XeSoft / ump-example
Testable back-end programming pattern
Perspective
This pattern is not meant to be used everywhere. It shines with effectful code that you want rigorously test. In other words, side-effect-infused workflows that are important to your business.
And let's be honest, this pattern has boilerplate in how it is organized: Msg, Effect, Model, init, update, perform. It will not suit everyone's taste. But that same organization pattern also provides a testable structure. It happens to be quite nice if your team already uses MVU on the front-end -- it is much easier for the team to be cross-functional. Even if not, I think with some practice you will find that it makes just about any workflow quite testable.
/∞
Images courtesy of Undraw.
Top comments (4)
Have you looked into algebraic effects at all? It seems similar to what you're describing, or at least aims to solve a similar problem, but is functionally pure.
Yes. This pattern (and MVU like it) is an unrolled version of algebraic effects. With the distinct advantage that it does not take a dependency on category theory abstractions (at least not in code) or special-case language syntax. Just regular code, organized a certain way. This pattern is just as functionally pure as algebraic effects in a functionally pure language -- see Elm. But I appreciate the pragmatism of F# in being impure and letting me code my effects. Hence, the perform function.
Interesting. You might want to take a look at the Eff library for implementing pure algebraic effects in F#. The effect handlers are a bit hairy to write, but the effectful code itself is quite elegant. Example:
Thanks for the suggestion!
I have seen various F# Computation Expressions out there for side effects. Practically speaking, workflows in Eff are harder to test than what I present here. (This will be true in general for monadic control flow.) To test decision logic in an Eff CE, you would have to implement mock effects. Which will lead you to write some non-trivial testing instrumentation. With what I demo above, you can test the logic directly without mocking effect implementations.
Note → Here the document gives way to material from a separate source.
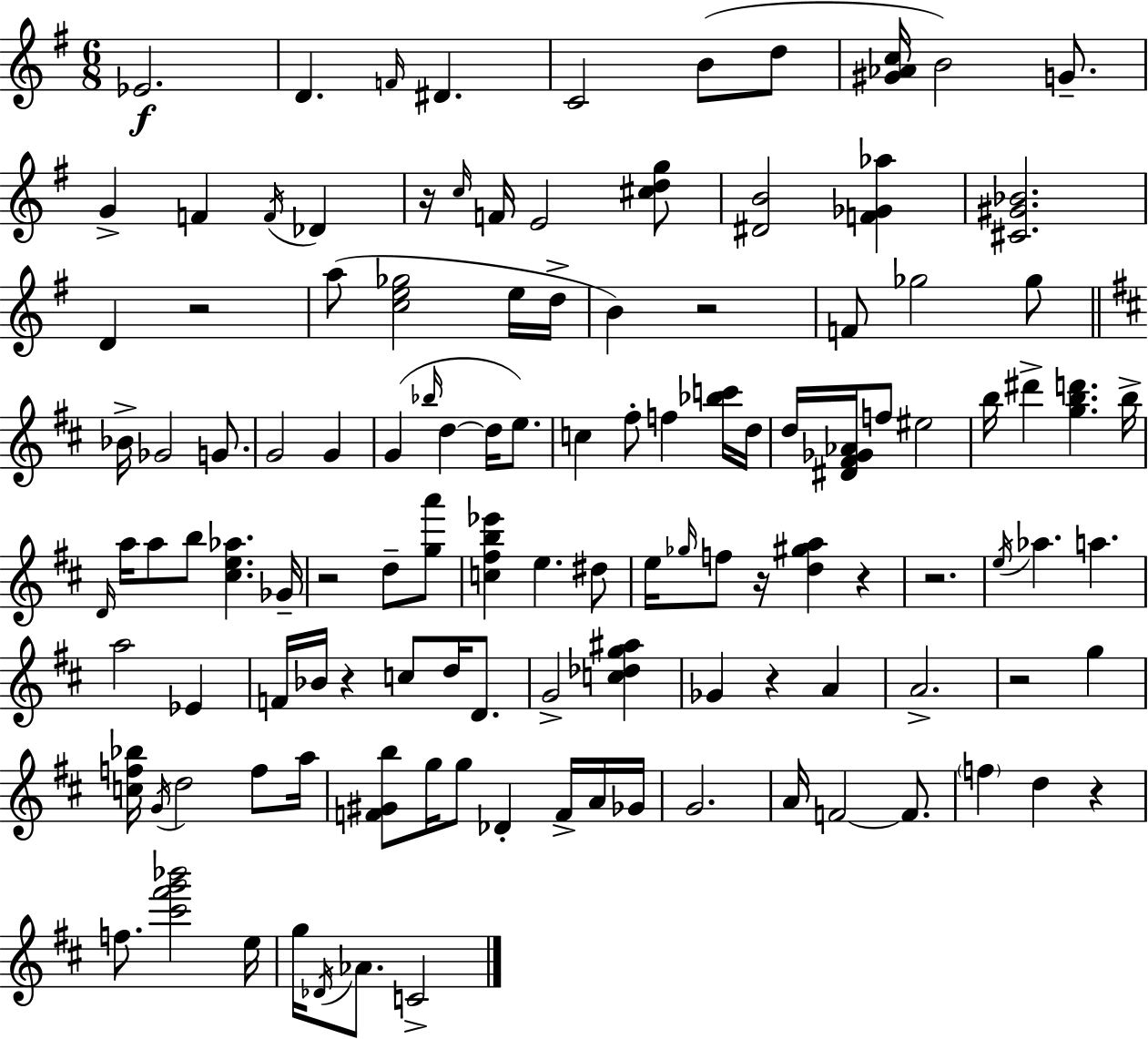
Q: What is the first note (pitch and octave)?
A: Eb4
Just data in and asserting that data out matches expected values. Also the effect implementations are comparatively easier to write, and this matters for maintainability too.
Side note: I've always felt that CEs and do-notation-type things are missing the point a bit. They are emulating an imperative style within a functional language. This can be very convenient at times, like with list expressions and conditional yields. But in most cases I had rather write code in a functional style.
Apologies, as I am a compulsive editor. This comment has changed drastically since first submission.